* [What needs to be done]: The material below is to be copied exactly from the line with "TP-LINK | AC1300" up to and including the line with "E-310 3 Burner", with nothing else kept and no pictures.

* [Records supplied]:

++++++++

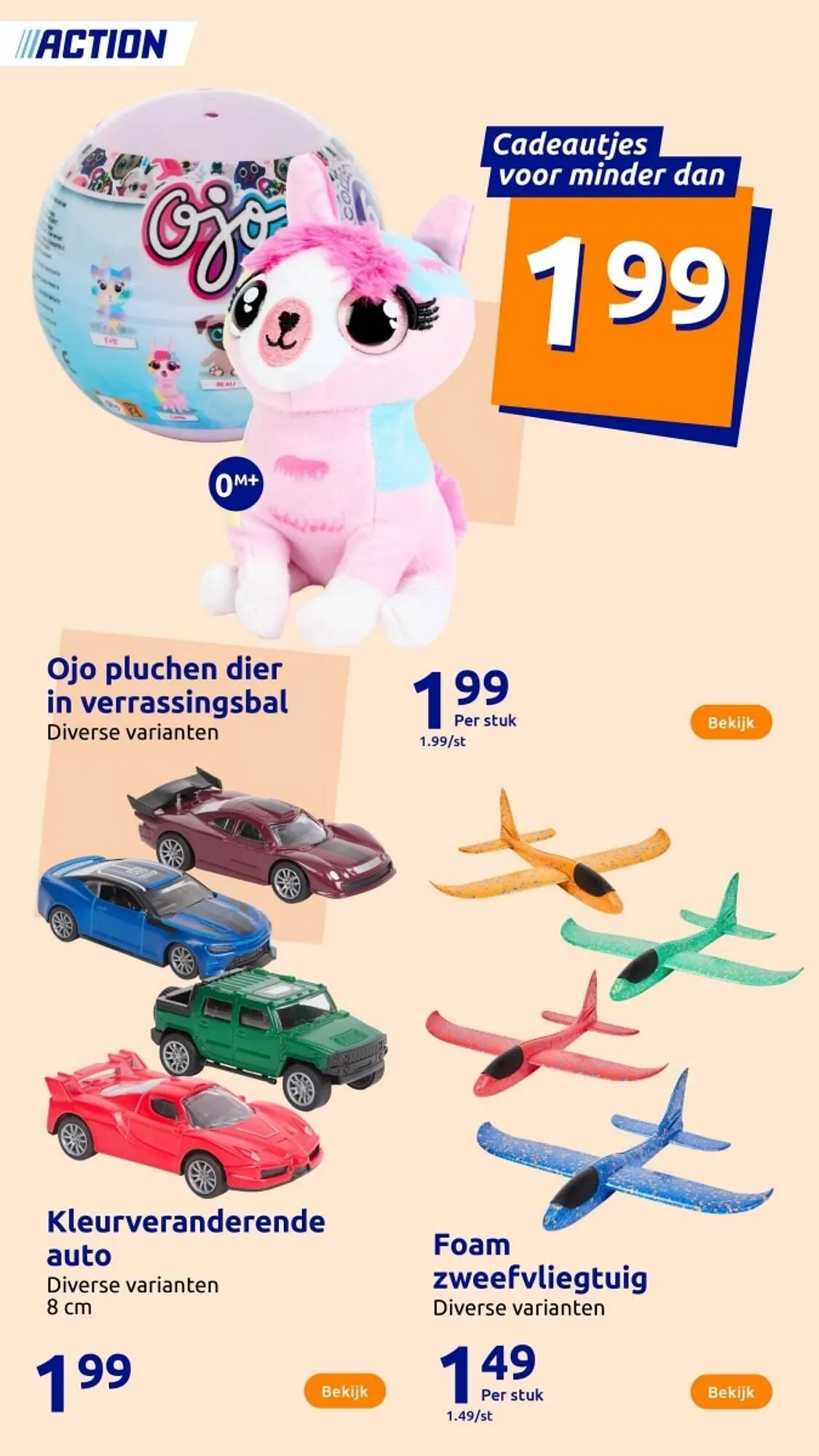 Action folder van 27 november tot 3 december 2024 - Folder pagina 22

++++++++

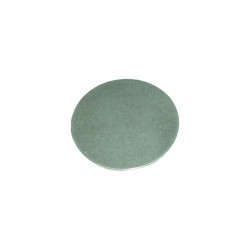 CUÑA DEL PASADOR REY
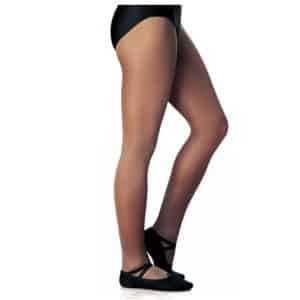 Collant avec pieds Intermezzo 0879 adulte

++++++++

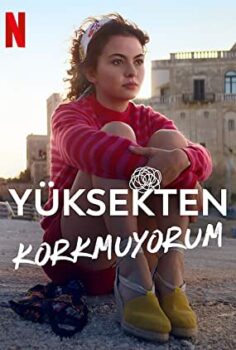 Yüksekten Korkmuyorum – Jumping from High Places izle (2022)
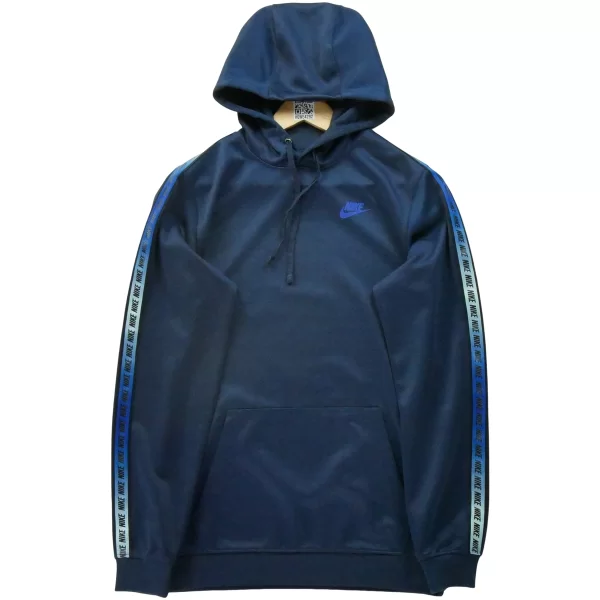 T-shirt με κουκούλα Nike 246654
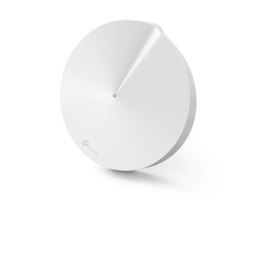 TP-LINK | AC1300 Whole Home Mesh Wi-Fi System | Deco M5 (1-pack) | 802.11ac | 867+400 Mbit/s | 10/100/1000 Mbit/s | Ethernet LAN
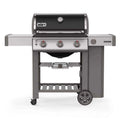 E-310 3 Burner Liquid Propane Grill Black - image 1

++++++++

* [Response to the exercise]:
 TP-LINK | AC1300 Whole Home Mesh Wi-Fi System | Deco M5 (1-pack) | 802.11ac | 867+400 Mbit/s | 10/100/1000 Mbit/s | Ethernet LAN
 E-310 3 Burner Liquid Propane Grill Black - image 1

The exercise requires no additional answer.